Unanimous, the committee makes a break for it, quickstepping past more
heroic statuary until Mr. Lauf asks another guard for directions.
"Where's your pass?" says the guard. The committee turns
around and meanders back. A young woman in jeans and a
sweatshirt stands behind the appointments desk. "Can you call up to
the Speaker's office?" Mr. Lauf asks her. He explains about
delivering the letter. "Give it to me," she says. "I'll
get it to the Speaker." Mr. Lauf isn't sure. "Can you stamp it
with the office you represent?" he says. "Office I
represent?" says the young woman. She takes the letter, initials it
and -- bang -- the Committee to Impeach the President Again is out the
door. The Way It Was How different it was the first time
around. The committee (it was just the Committee to Impeach the
President then) delivered a million petitions to Congress. The day the
Starr report came out, its Web site absorbed 240,000 hits. At pivotal
moments, its forces took to the sidewalks, handing out little paper cups
(for White House drug tests), wearing prison outfits ("Criminals
for Clinton") and overcoats in August (blizzard of lies), and
giving away peaches on impeachment day. They made the Washington Times
twice, the Comedy Channel once -- and evoked a rude gesture from
Democratic operative James Carville's chauffeur. "It was exhilarating," says
Mr. Lauf. "It got us excited." Impeachment, however, left a broader
sample of Americans totally zonked. "Oh, no!" is Debbie
Vaughn's comment on the idea of a do-over. A teacher from Missouri, she
is over at the National Museum of American History on another morning,
checking out the Star-Spangled Banner's tattered remains. Arthur Allen,
a biologist from Colorado, has three words for impeachment again:
"Silly. Tedious. Redundant." And Greg, a building worker down
from Boston, says, "That scandal? With the intern? What was that
about?" The committee has not forgotten. On
Feb. 12, 1999, its Web site bewailed "the most shameful day in the
history of the U.S. Senate," but a week after the Clinton
acquittal, and every week since, it has posted an "impeachment
update" bulging with impudent questions: "Is Clinton's pardon
of terrorists grounds for removal?" "Is Clinton still snorting
coke?" Surfers wash up 3,000 times a day; some send money. Of
course, other Bill-bashing sites still abound. Yet the committee's site
maintains that only real steps will finally punish that man, Mr.

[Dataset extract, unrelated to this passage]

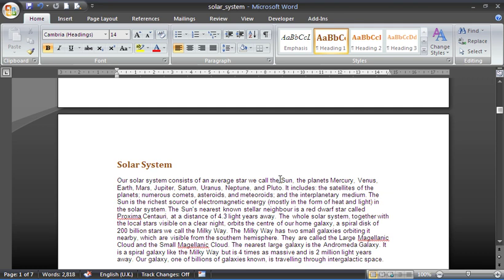Hello and welcome to another video tutorial from computergaga.com. This tutorial will look at how to automatically add the chapter title into the header on each page. So for page two in my document right now, the header should say Solar System as that is the chapter in this page.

Clinton. Walking Small Real steps of the shoe-leather kind,
that is. So, with the Speaker off-limits, it's time for the men who
would impeach again to step across the street for a march down the long,
unpoliced halls of the Cannon House Office Building, where lesser
representatives and their staffers inhabit small offices behind big
doors. "What do you say when you go
in?" Mr. Delgaudio directs. "We want a response," says
Mr. Lauf. "Remember to smile," Mr.
Delgaudio says. "You don't always." And they're off, crisscrossing halls,
opening doors, presenting letters, requesting responses -- and pointing
out the name of their committee. Every receptionist who sees it
brightens and chirps "Sure!" or "Wonderful!" Mr.
Lauf chirps back, "We're hopeful," and he smiles. Two hours and 60 offices later, they
repair to a place called Tortilla Coast, take a table, order lunch and
talk strategy. "We're calling for another
inquiry," Mr. Lauf says. He sips his second Dos Equis. "More
is coming out every day." Mr. Clayton writes up a list of
outstanding offenses and hands it across the guacamole: "Chickengate,
Cattlegate, Chinagate ..." They consider demonstrating at the
Maryland trial of Linda Tripp, "to make clear," Mr. Delgaudio
says, "that she is, essentially, Joan of Arc." A new impeachment bombshell could
land any second. "Look how quickly the hearings
and House vote took," says Mr. Lauf. "Six weeks." Mr.
Delgaudio picks up the check. "This is an in-between period,"
he says. "A valley." On their way out, they meet another
lobbyist friend and give him and a woman he's with their protest letter.
"Impeach again?" the woman says in a faint voice.
"Again?" The lobbyist introduces her as Paige Ralston, deputy
press secretary to none other than the Speaker of the House. Outside,
Mr. Delgaudio is exultant. "See! We got to Hastert!" "That guy Gene," says Mr.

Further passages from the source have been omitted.